But the juiciest story about Travis was that his ex-wife was one of the Ares Seven, en route to Mars in the Ares Seven.

The crew of the American ship held a press conference when we were about a day out from the Earth. They could barely conceal their irritation, though the public face they had obviously been told to put on was that if, if this ship existed, and was crewed by Americans, then we wish them the best of luck. After all, it doesn’t matter who gets there first, the important thing is that people are going to Mars.

Holly Broussard Oakley seemed baffled. It must have been nightmarish for her, a few weeks away from landing on Mars only to find that her ex-husband might be waiting for her when she arrived. We all felt sorry for her, even Travis.
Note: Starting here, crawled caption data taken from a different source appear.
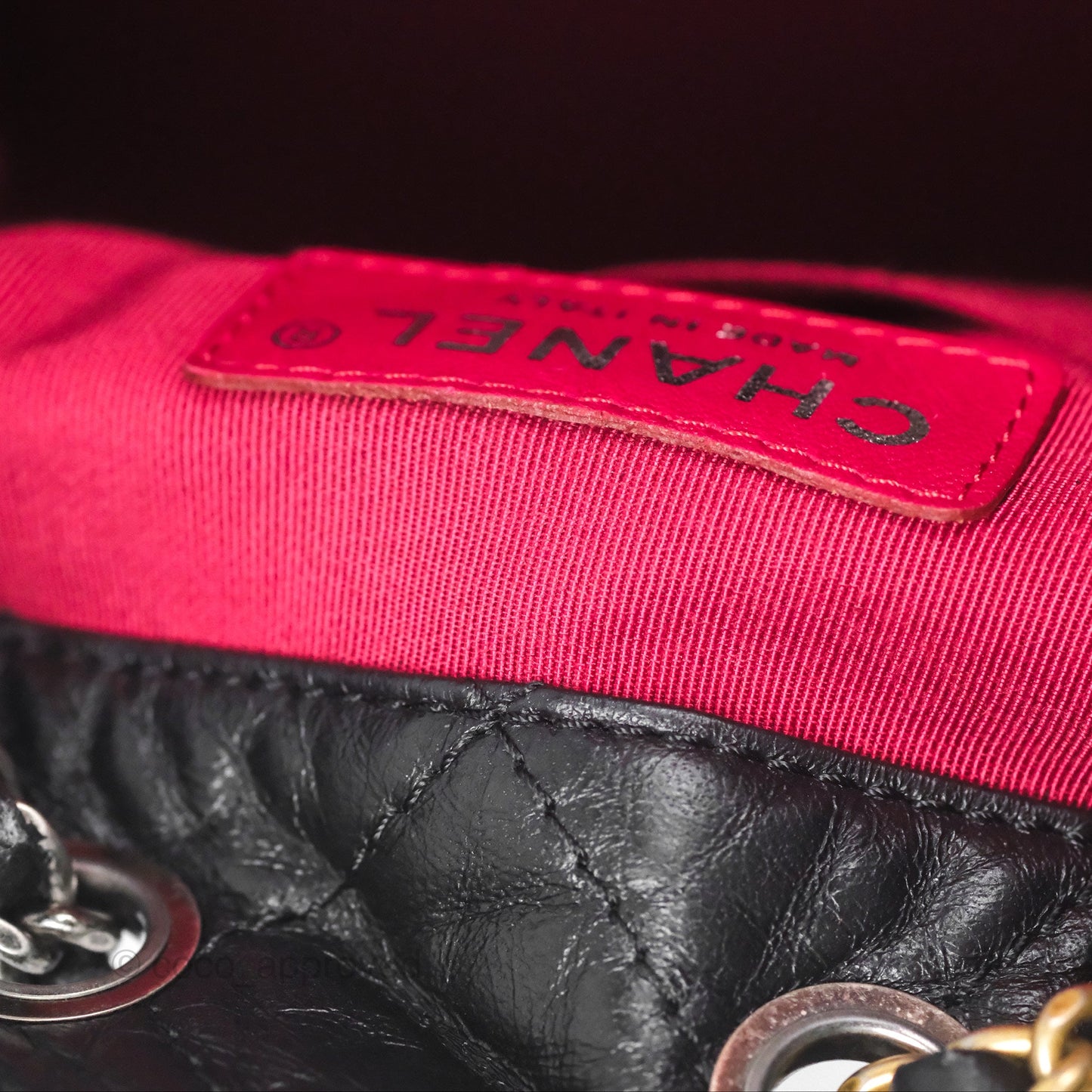 Chanel Small Gabrielle Backpack Black Aged Calfskin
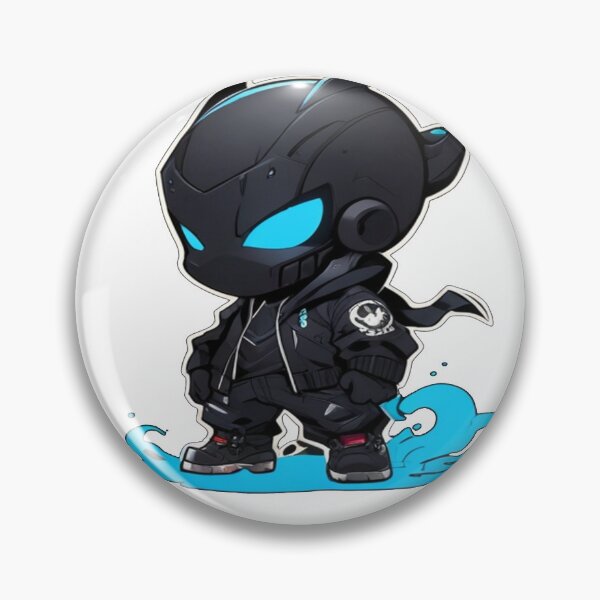 Item preview, Chibi Mecha Blue Flames designed and sold by HawiseRosso.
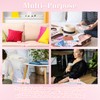 FdcZeyxior 2 PCS Neck Roll Pillow Cover with Zipper, Round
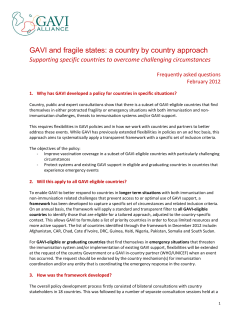 a country by country approach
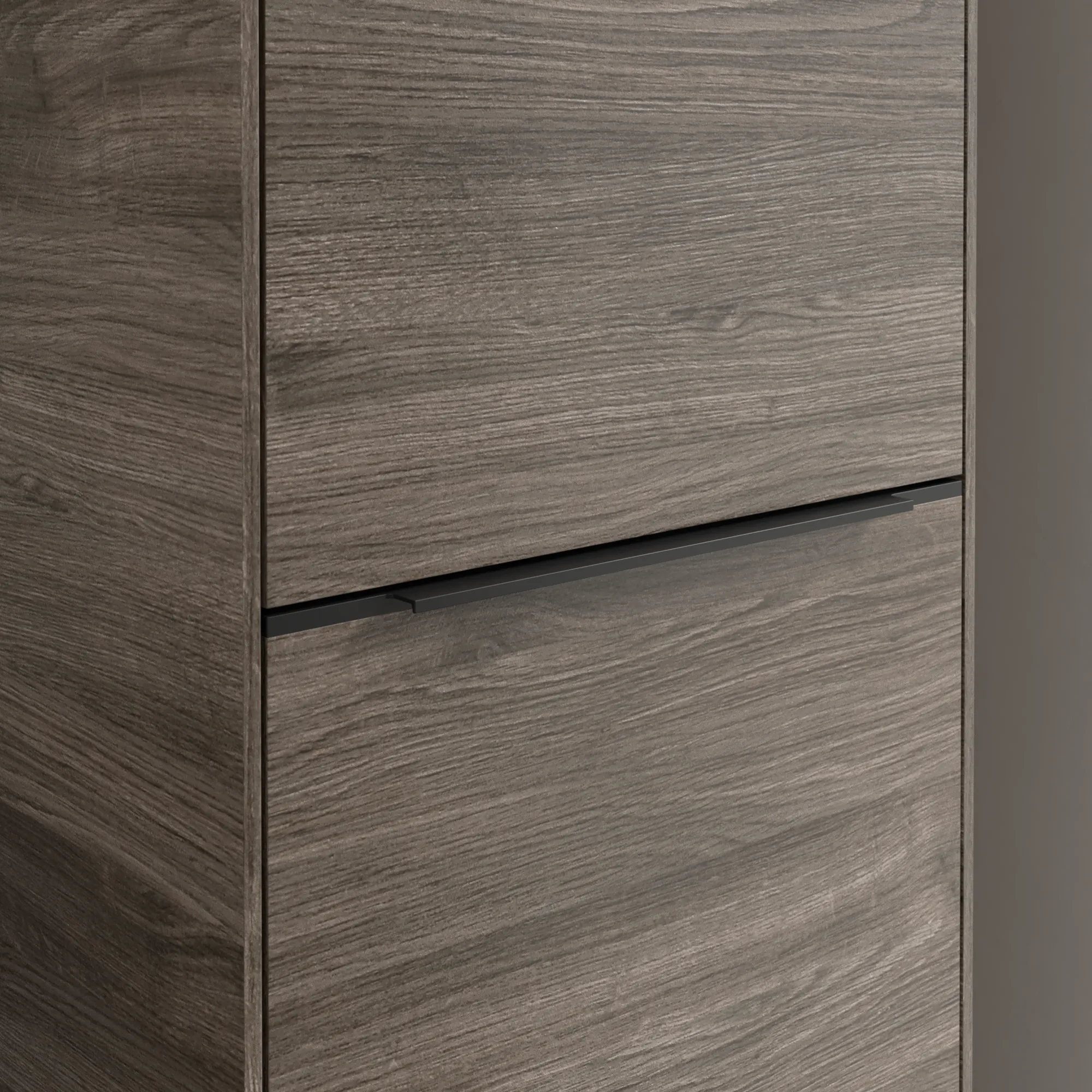 Villeroy & Boch Hochschrank Subway 3.0 C59301, eckig, Stone Oak, 450x1710x346mm, mit Absenkautomatik und Waschtischplatte Villeroy & Boch Hochschrank Subway 3.0 C59301, eckig, Stone Oak, 450x1710x346mm, mit Absenkautomatik und Waschtischplatte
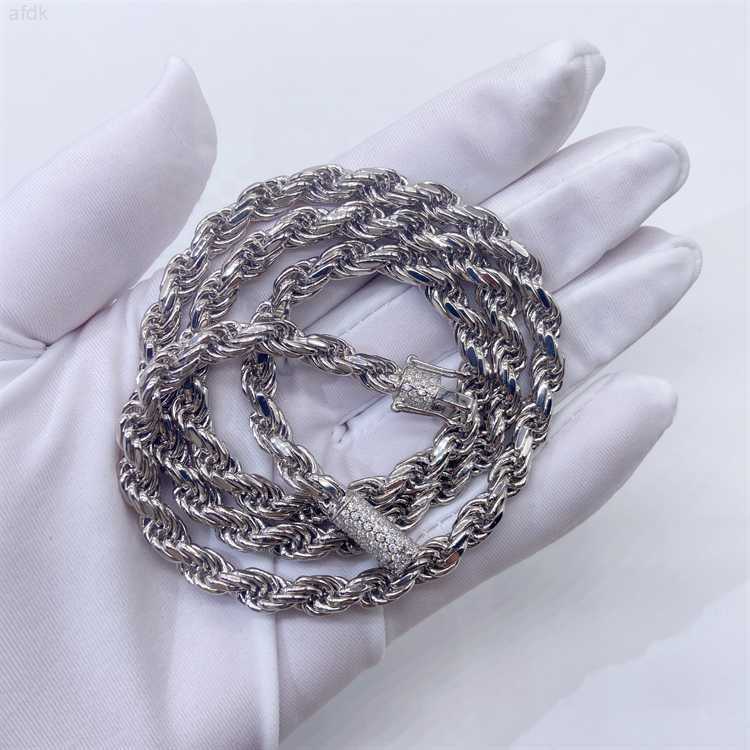 New Arrival High Quality Fashion Jewelry Moissanite Lock Gold Solid Sterling Silver 6mm Rope Chain for Pendant
New Arrival High Quality Fashion Jewelry Moissanite Lock Gold Solid Sterling Silver 6mm Rope Chain for Pendant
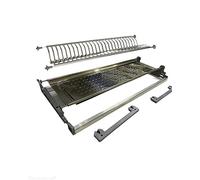 AERREGI KIT SCOLAPIATTI COLAPIATTI INOX AD INCASSO 86CM CON VASCHETTA RACCOGLI GOCCE TUTTO INOX E TELAIO CON SUPPORTI
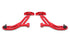 BMR Suspension 05-14 Ford Mustang Lower A-Arms - Red - Non-Adjustable - Striker Modified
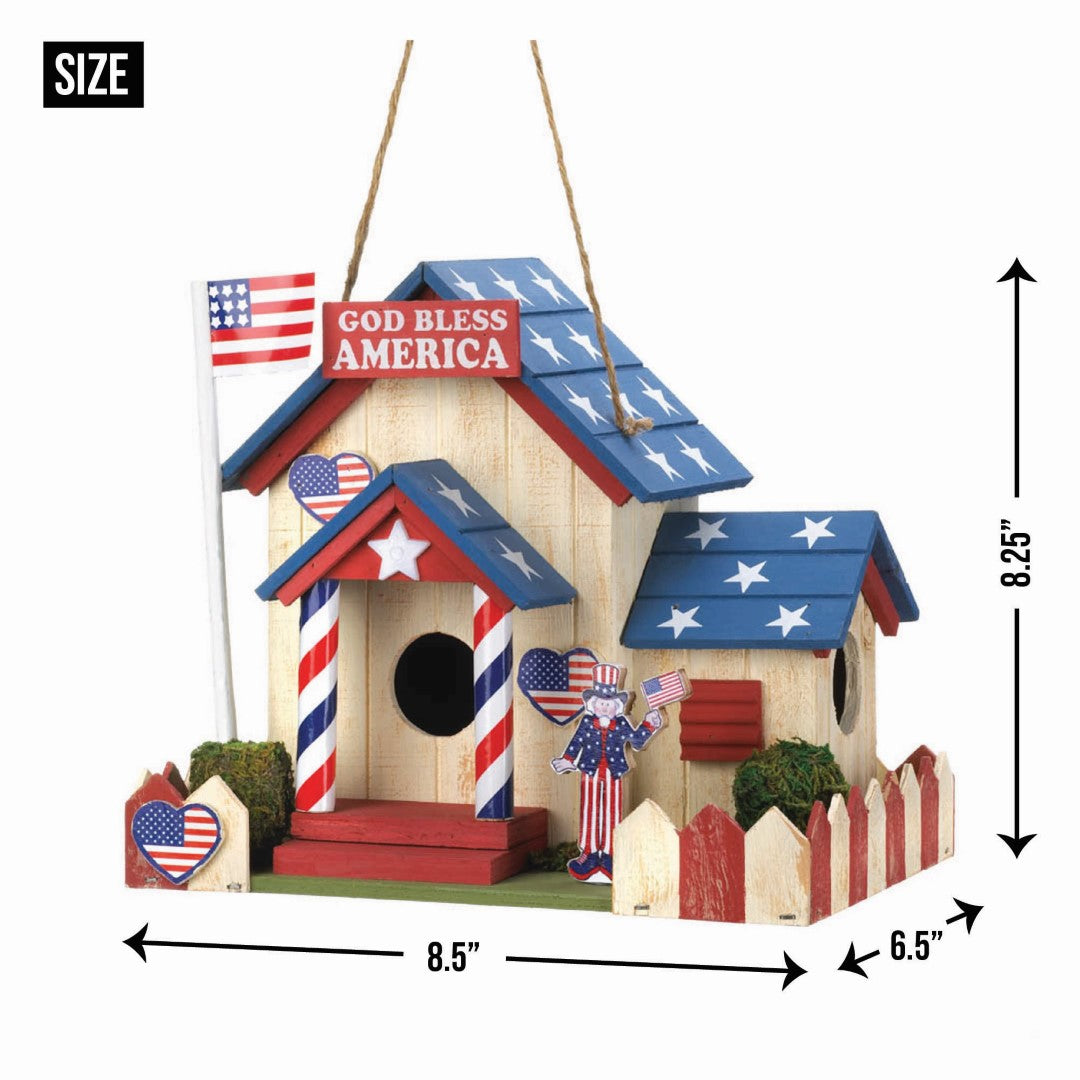 Patriotic Birdhouse 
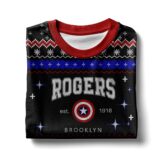Hooktab Steve Rogers Captain America Ugly Christmas Sweater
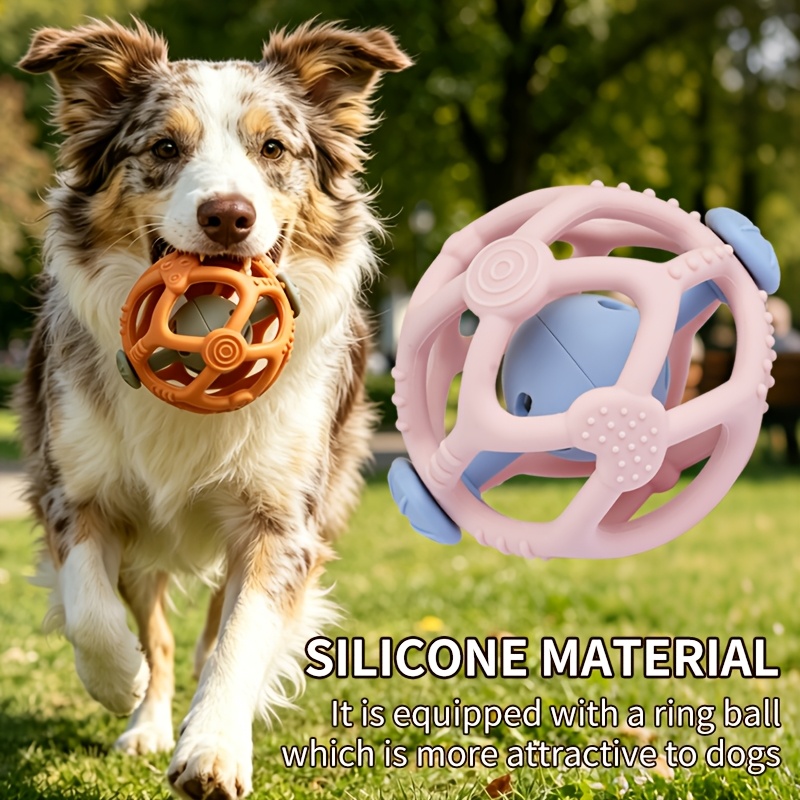 Interactive Pet Bell Ball - Bouncing, Chew-Resistant Self-Toy for Cats and Dogs, Training & Playtime Fun with Multiple Colors Available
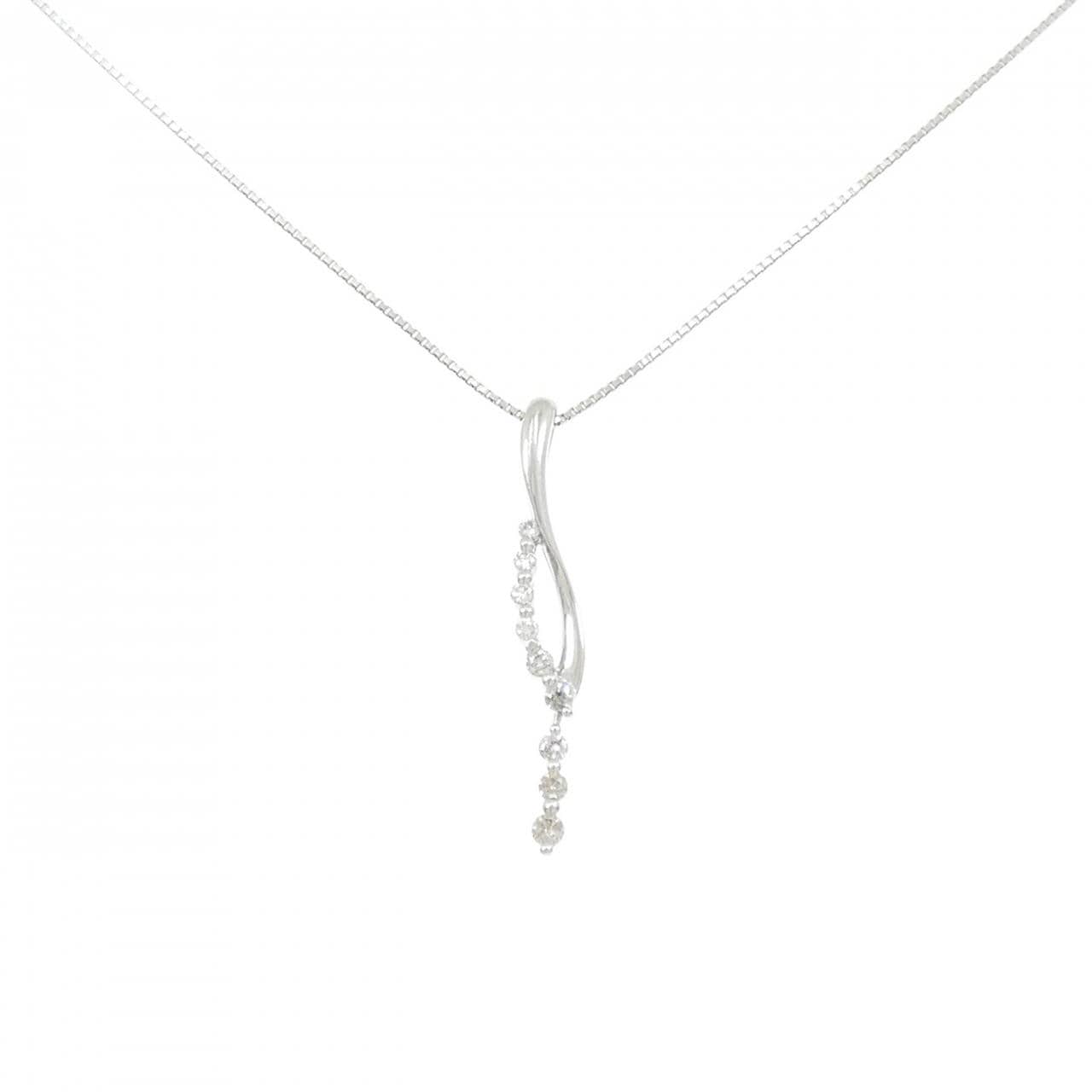PT950/PT850 ダイヤモンド ネックレス 0.25CT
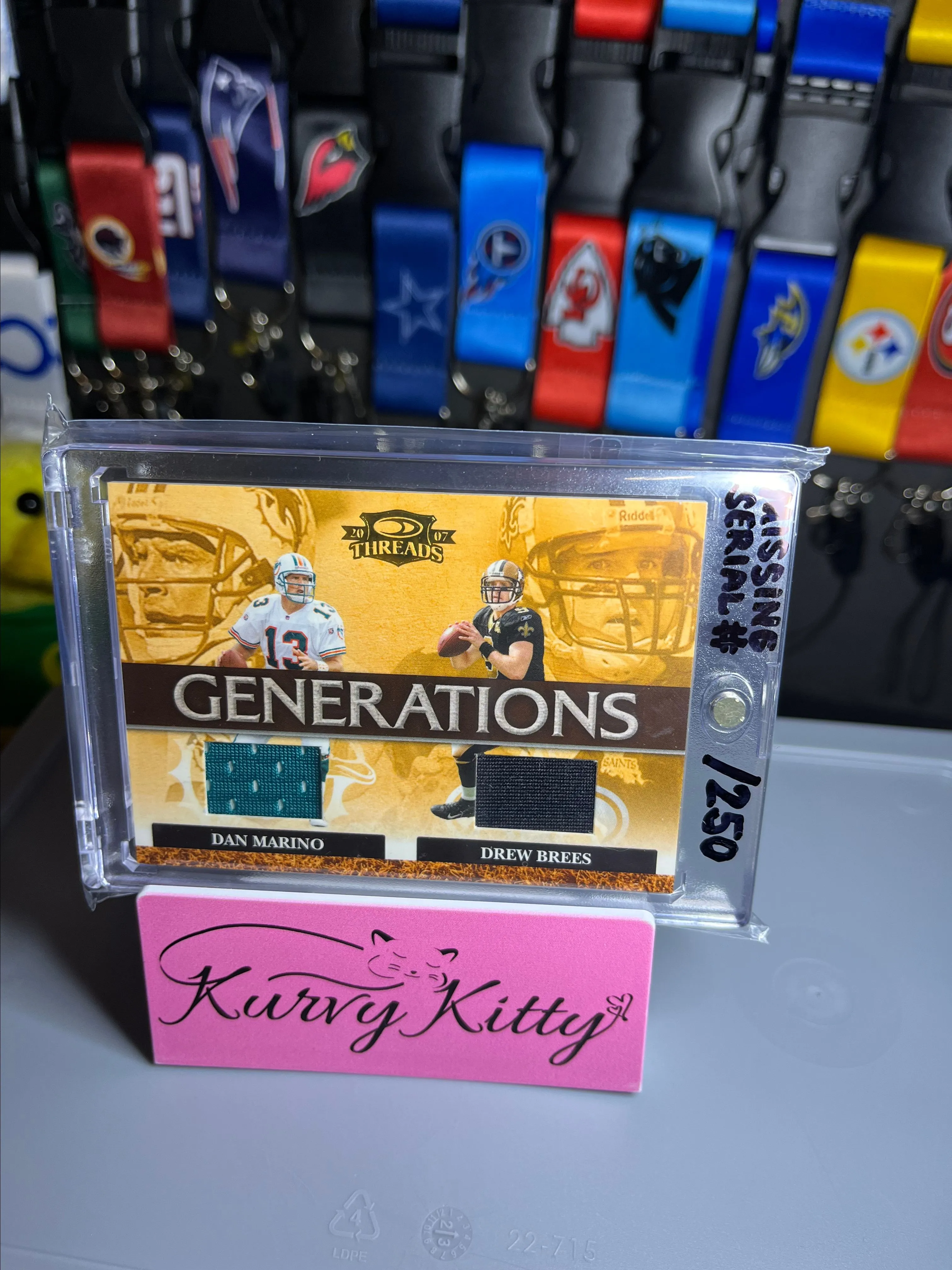 Product image for 2007 Donruss Playoff Dan Marino and Drew Brees GU Patches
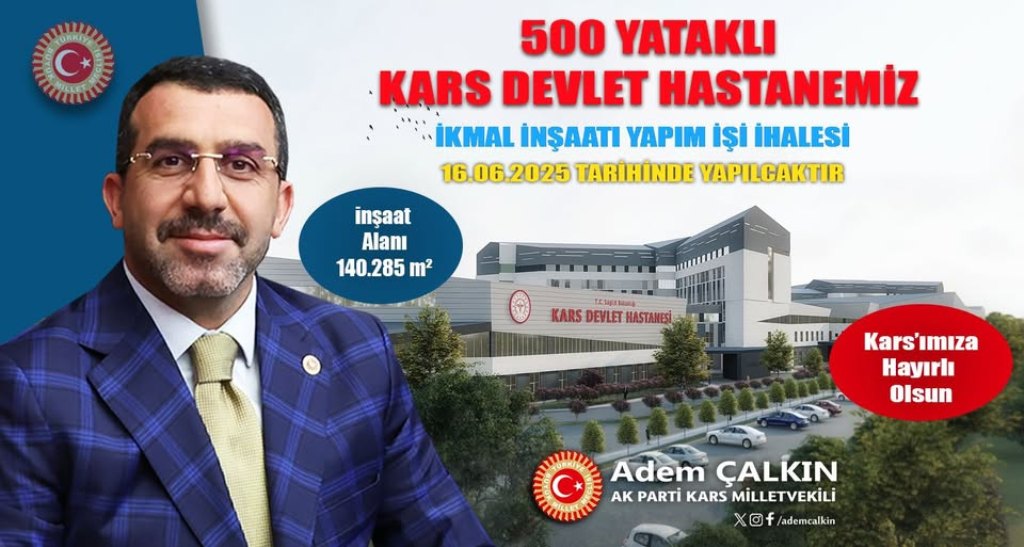 Çalkın: Kars için hayırlı uğurlu olsun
But the worst for Travis was when they tried to bring his daughters into it. The question was immediately raised concerning how smart it had been to embark on a trip as hazardous as this while the mother, who had custody, was in a similar situation. A procession of talking heads discussed how traumatic it would be for the children to have both parents killed in outer space. School pictures of both children and live shots of the front door of Holly Oakley’s apartment building and the girls’ grandparents’ house were shown. Television people, [319] desperate for pictures, went so far as to pester neighbors as they came and went during the day. Being a reporter must be a very nasty job, if you have any human sympathy at all.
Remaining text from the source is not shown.